▶ **Requirement**
Take the records below and set down exactly the lines from the one with "6-Tier Geometric Bookshelf" to the one with "Festive Rhine Stone Seahorse Drop Earrings", ends included; do not copy the pictures.

Web page caption snippets
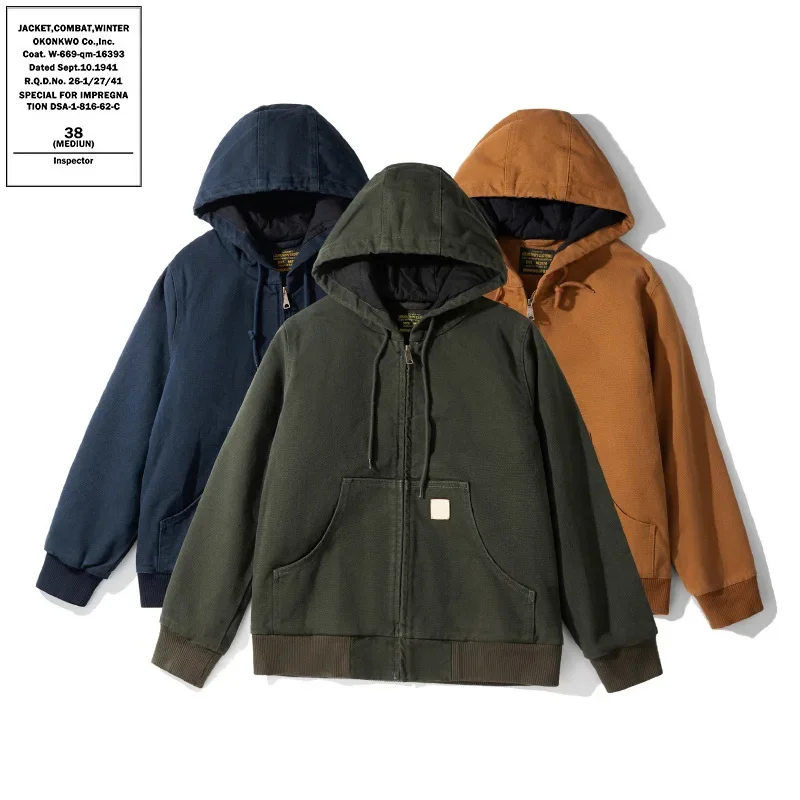 OKONKWO Cotton-Padded Jacket With Hood Casual Style Loose Fit Other Material Thickened Hooded CoatJacket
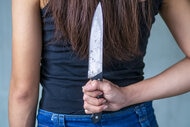 Woman Holding Knife G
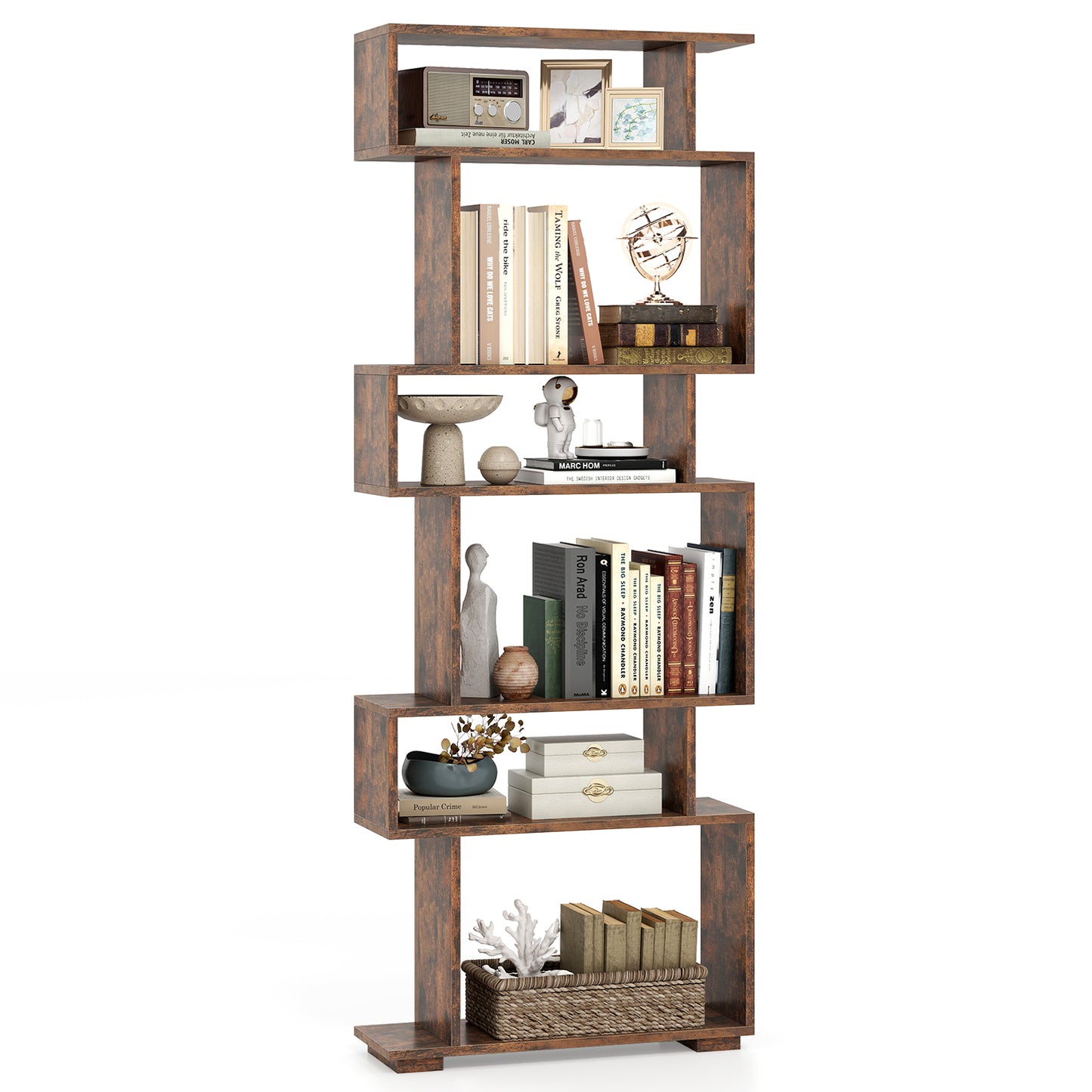 6-Tier Geometric Bookshelf with 2 Anti-Tipping Kits for Home Office-Brown Kids Crystal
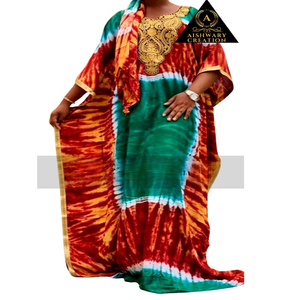 Wholesale Tie Dye Kaftans India Apparel Three Quarter Sleeves Neckline Bohemian Kaftans For Women Wear Dresses - Product Image 1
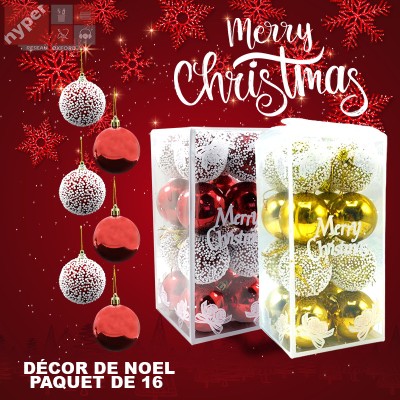 Pack de 16 Boules Noël Rouge/Gold +1Pack Gratuit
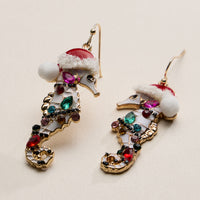 Festive Rhine Stone Seahorse Drop Earrings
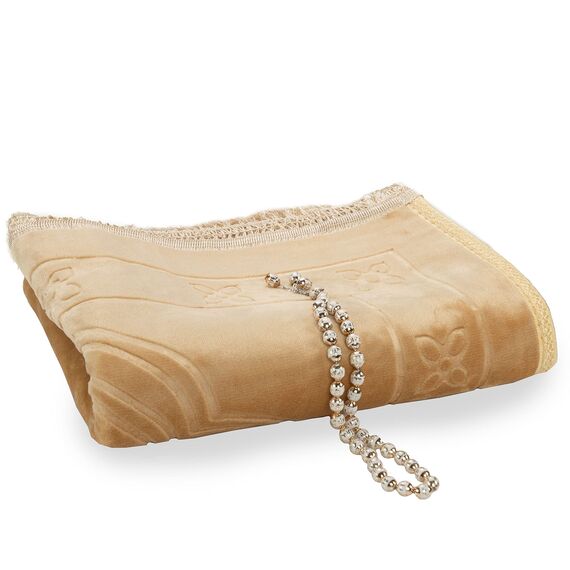 MYPRAY - Gebetsteppich - dick - 3er Set Seccade - mit Tesbih und Tasche (beige)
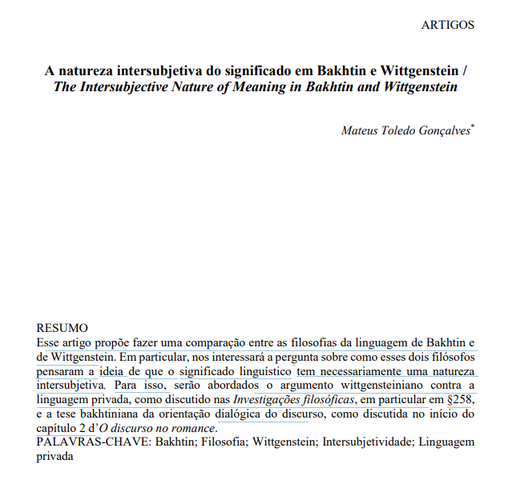 A natureza intersubjetiva do significado em Bakhtin e Wittgenstein / The Intersubjective Nature of Meaning in Bakhtin and Wittgenstein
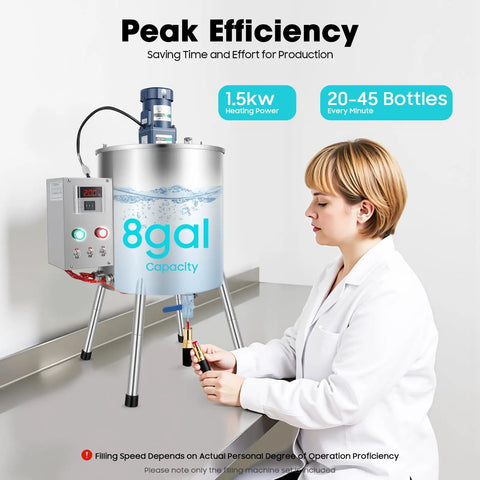 Person operating 30L Heating Mixing Filling Machine for paste, cream, lipstick, wax, candle gels with stainless steel stirring tank.
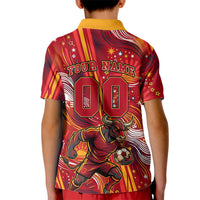 Personalized Spain Football Bull Mascot Kid Polo Shirt Dynamic Spanish Sunburst Abstract Flame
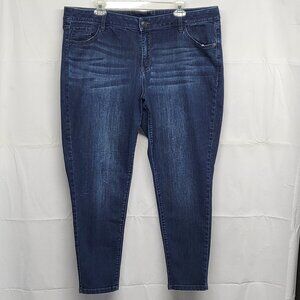Venezia From Lane Bryant Womens 20S Plus Stretch Tapered Blue Denim Pants 42X27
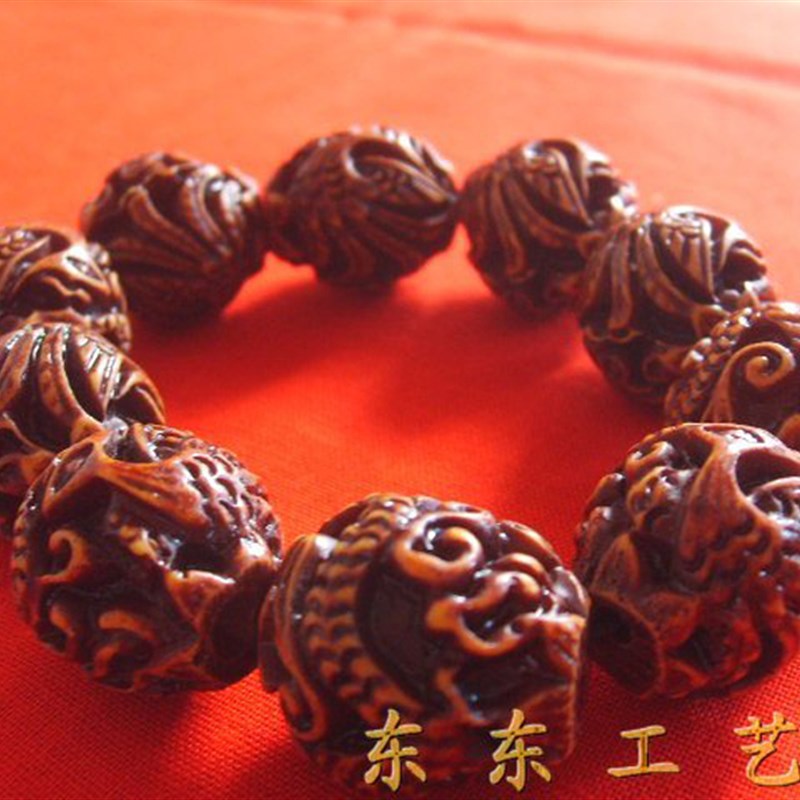 速发仿桃木牦牛骨雕刻手珠龙凤手链14mm 18mm吉祥首饰品佛珠手链
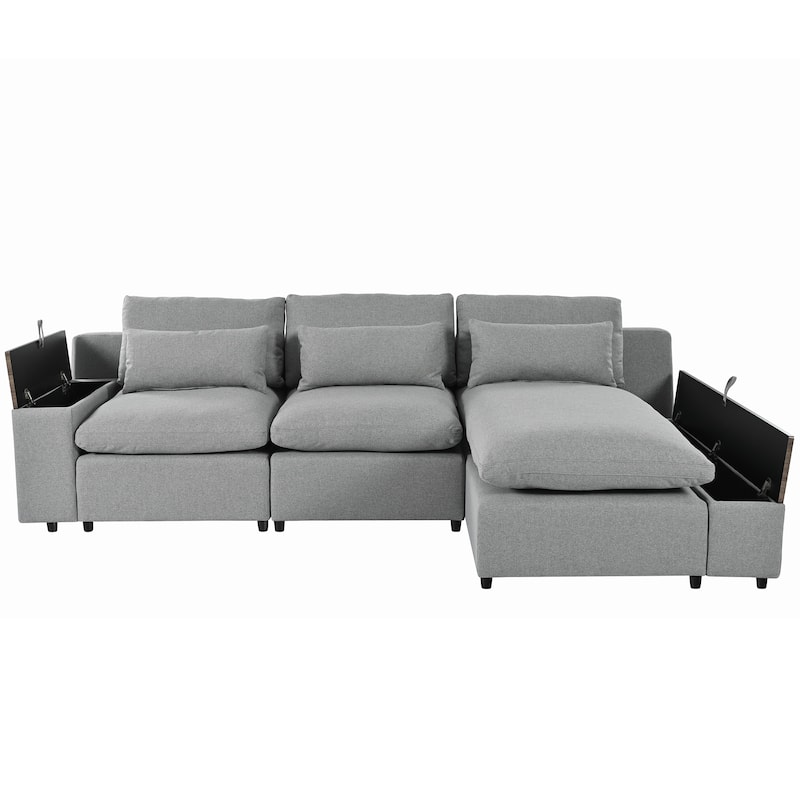 L-shaped Modular Sectional Sofa with Removable Back Cushions and 2 Storage Spaces, Corner Sofa w3 Pillows & Wooden Frame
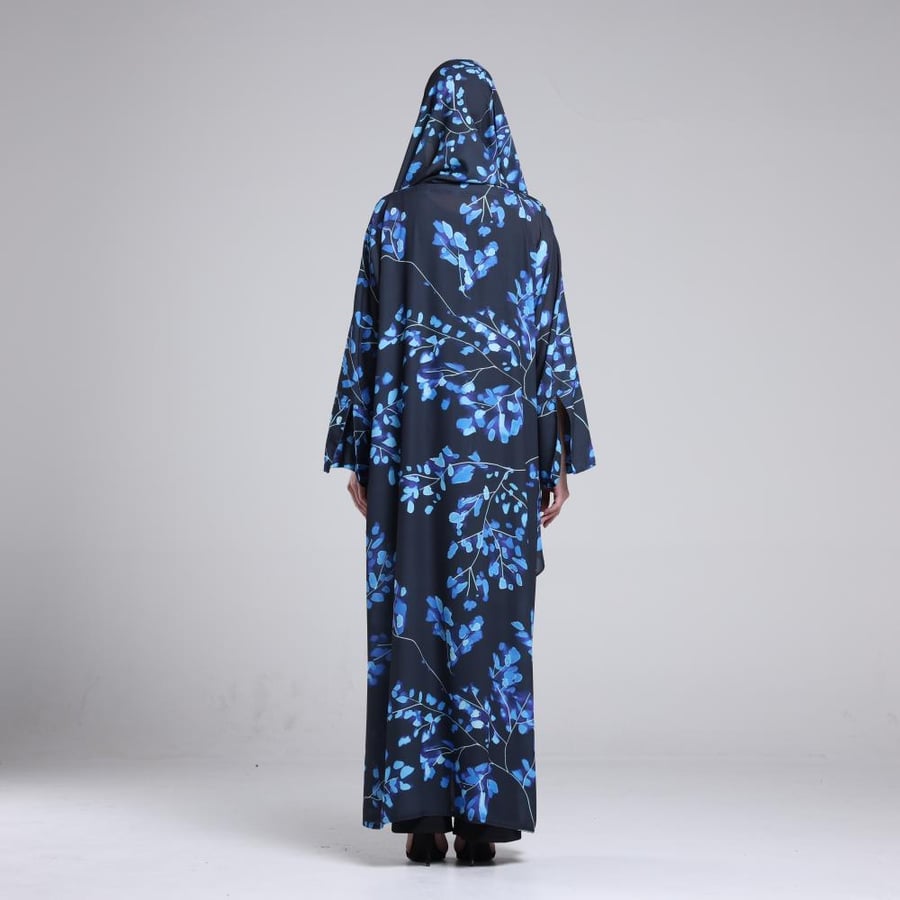 Crepe Abaya with Floral Print in Sky Blue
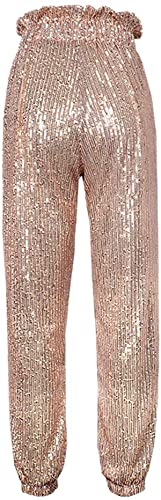 Womens Black Sequin Bling Legging Joggers Pencil Pants with Drawstring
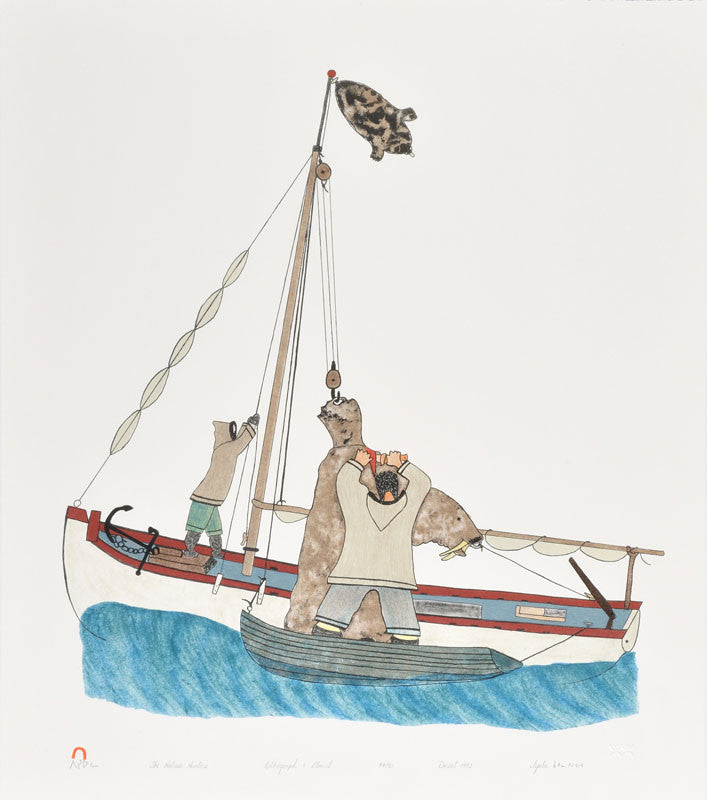 THE WALRUS HUNTERS - Northern Expressions | Iyola Kingwatsiak - Print | | Canadian Indigenous & Inuit Art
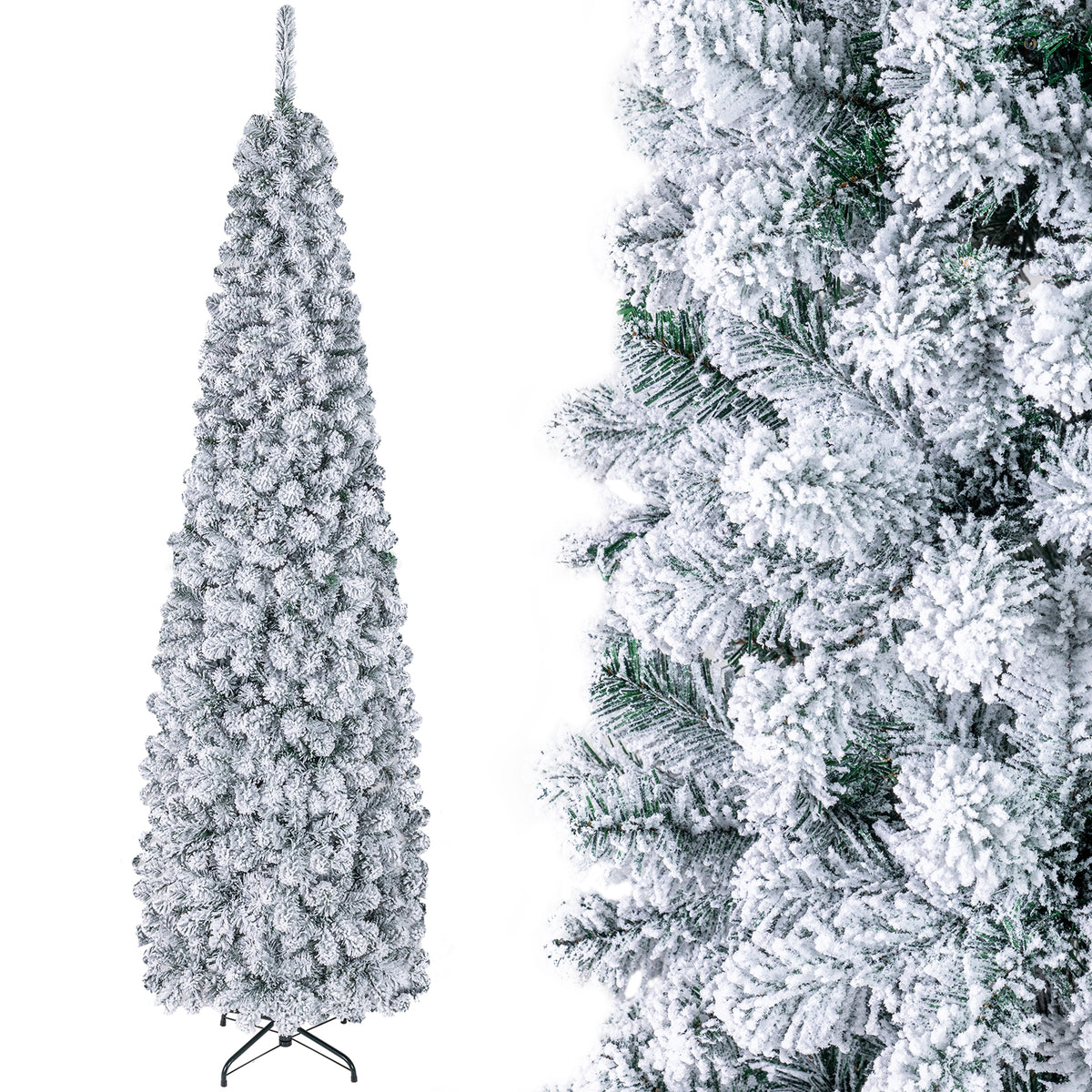 1.4/1.8/2.27M Snow Flocked Prelit Christmas Tree with LED Lights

▶ **Your solution**
 6-Tier Geometric Bookshelf with 2 Anti-Tipping Kits for Home Office-Brown Kids Crystal
 Wholesale Tie Dye Kaftans India Apparel Three Quarter Sleeves Neckline Bohemian Kaftans For Women Wear Dresses - Product Image 1
 Pack de 16 Boules Noël Rouge/Gold +1Pack Gratuit
 Festive Rhine Stone Seahorse Drop Earrings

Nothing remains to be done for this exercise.